VorteXML.
The current Vortex language and engine is
[4]
geared primarily towards
relational data. We are working to extend Vortex so that it can also
work with XML-based data, thus allowing a uniform paradigm for
converting the raw data into higher-level semantic information and for
analyzing that higher-level information
(see [5]).
There are various ways in
which a web site can pass data to the decision engine.
For example, the web server might do some initial processing
and cleaning to transform the HTML to XML
(e.g., using XPath [6]), and then pass the XML to the
VorteXML engine.
The ability for Vortex to specify various
heuristics would be useful in converting that XML into higher
level semantics, especially for web sites that represent
information in non-uniform ways.
Another approach is to annotate the HTML content produced by a web site, by adding custom tags that are ignored by the client browsers, but which the decision engine can scan to extract the desired information. This would make the task of extraction easier, since the decision engine now only needs to look at a subset of the raw input.
There is also a move towards separating content from presentation on web sites, i.e., for each customer request, a web site would retrieve the actual content as an XML document, and then apply an XSL stylesheet to transform it into an HTML document before shipping it to the client. In such a case, the web site could simply forward the XML content to the decision engine, which would remove the task of transforming the HTML into XML.
Distributed Rules Processing. Section 4 described how DFP can be scaled, in an architectural sense, to environments with web server farms. Another challenge concerns scaling to large web sites, as found in the B2B sites of large corporations. These typically span multiple sub-organizations and span multiple geographic locations. For example, in Lucent a customer might enter the Lucent home page that is supported by web servers in New Jersey, but then access product information about the latest IP telephony switches via web servers in Illinois. Furthermore, while some decision policies might be applicable to all customers, others might be relevant only to certain products. This means that the rule sets used in connection with different locations may be overlapping but different. The challenge is to support the development of such overlapping rule sets, have appropriate rules apply to the pages being examined, and pass relevant data between geographic locations as the customer's session moves between those locations.

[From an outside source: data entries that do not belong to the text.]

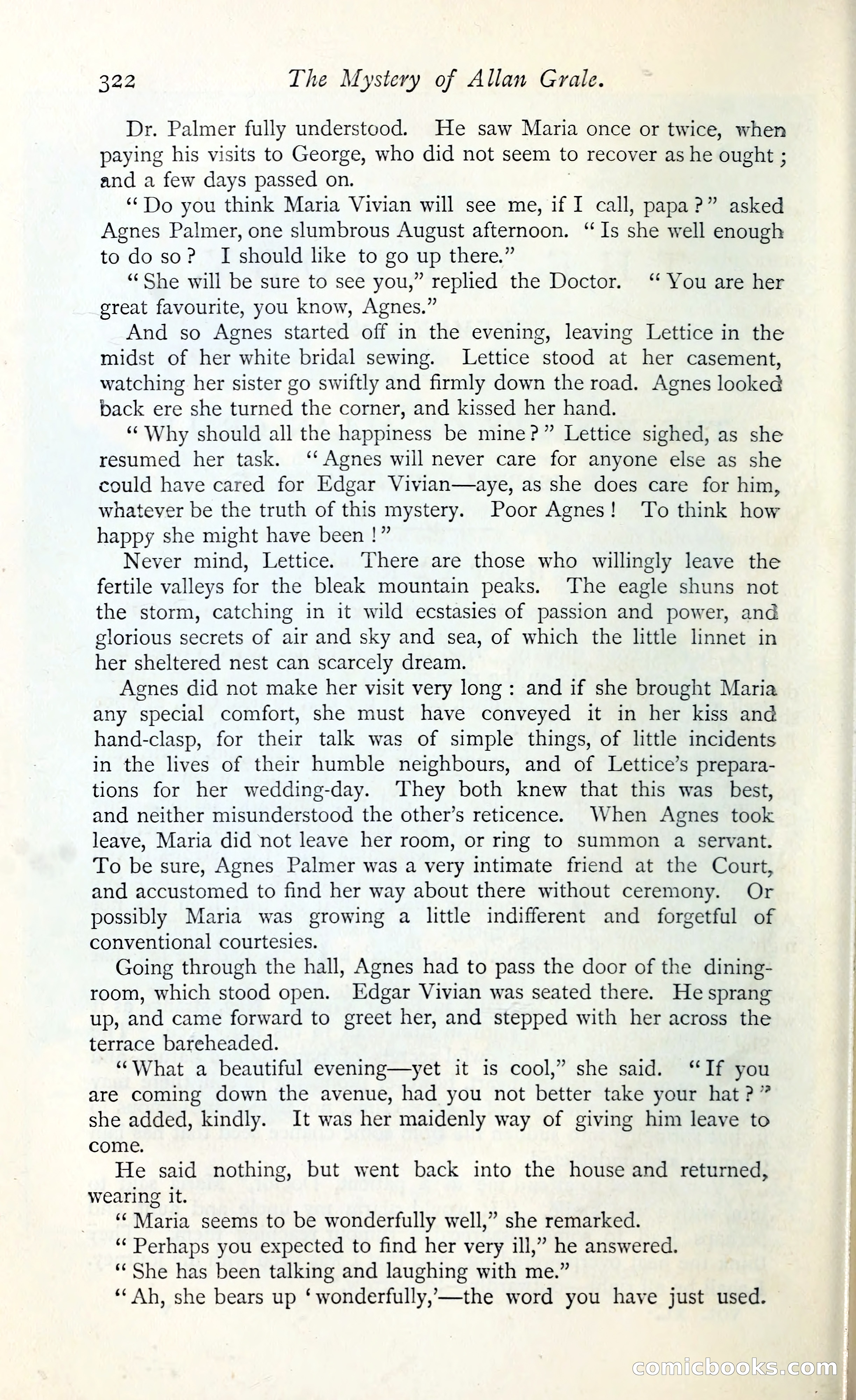 The Argosy — page 343 of 400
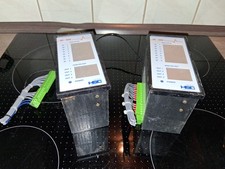 Regelungstechnik hsc regelungs gebraucht kaufen  Saalfeld/Saale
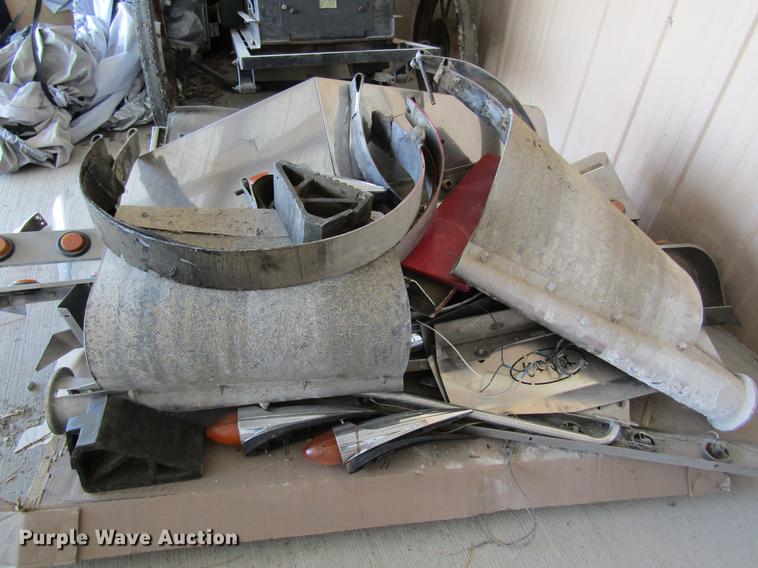 image for item DC4309 Truck parts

Reliability. We are currently experimenting with the use of fault-tolerant CORBA to provide reliability for the Vortex engine, and thus for the DFP approach. Another way to achieve reliability, and scalability for that matter, would be to implement the Vortex language as part of an application server platform (e.g., based on EJB).
Automated learning. Following the lead of companies such as Manna [15], it will be important to incorporate automated learning into any personalization technology. Because the Vortex language provides rules-constructs that are richer than many business rules systems, it will be more difficult to develop learning technology for Vortex. On the other hand, the structure of the rule sets and the availability of meaningful reports should provide important handles to the problem.